── Raw data
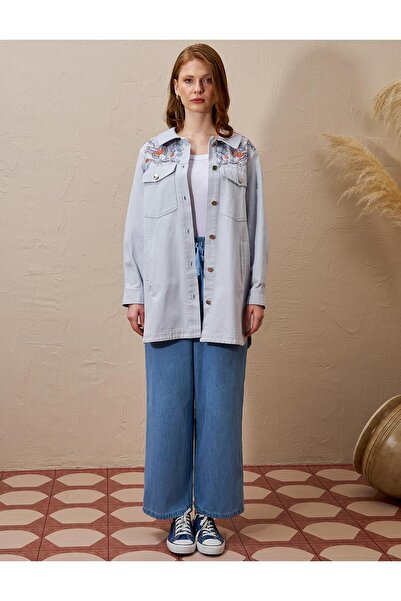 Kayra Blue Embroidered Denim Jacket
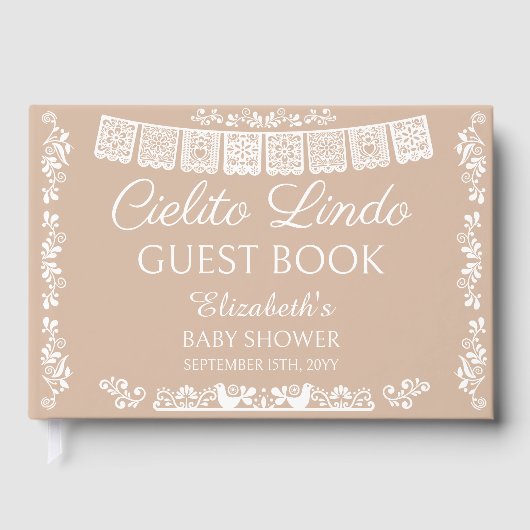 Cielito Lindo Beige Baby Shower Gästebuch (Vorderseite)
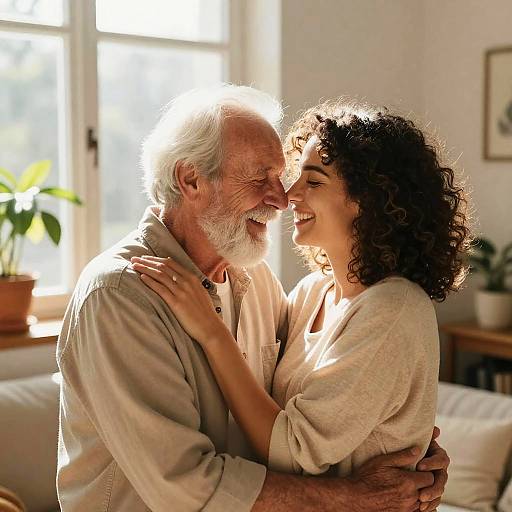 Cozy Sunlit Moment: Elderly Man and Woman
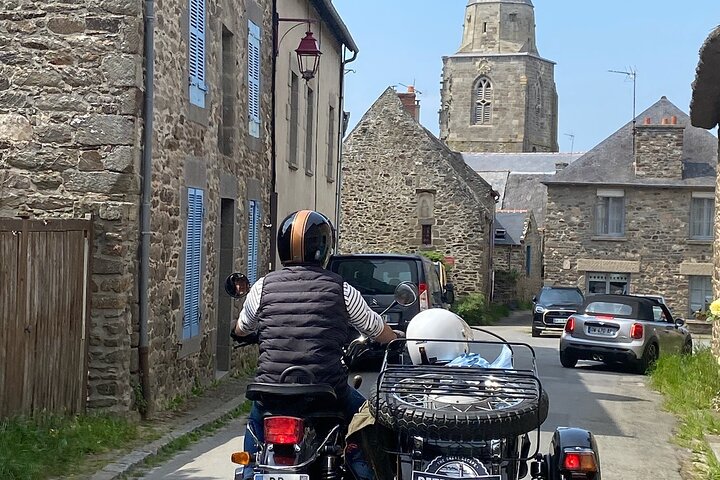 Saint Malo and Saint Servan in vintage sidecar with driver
────
- [What is required]:
Repeat the data in full, exactly as it stands, but drop every picture.

- [Response area]:
 Kayra Blue Embroidered Denim Jacket
 Cielito Lindo Beige Baby Shower Gästebuch (Vorderseite)
 Cozy Sunlit Moment: Elderly Man and Woman
 Saint Malo and Saint Servan in vintage sidecar with driver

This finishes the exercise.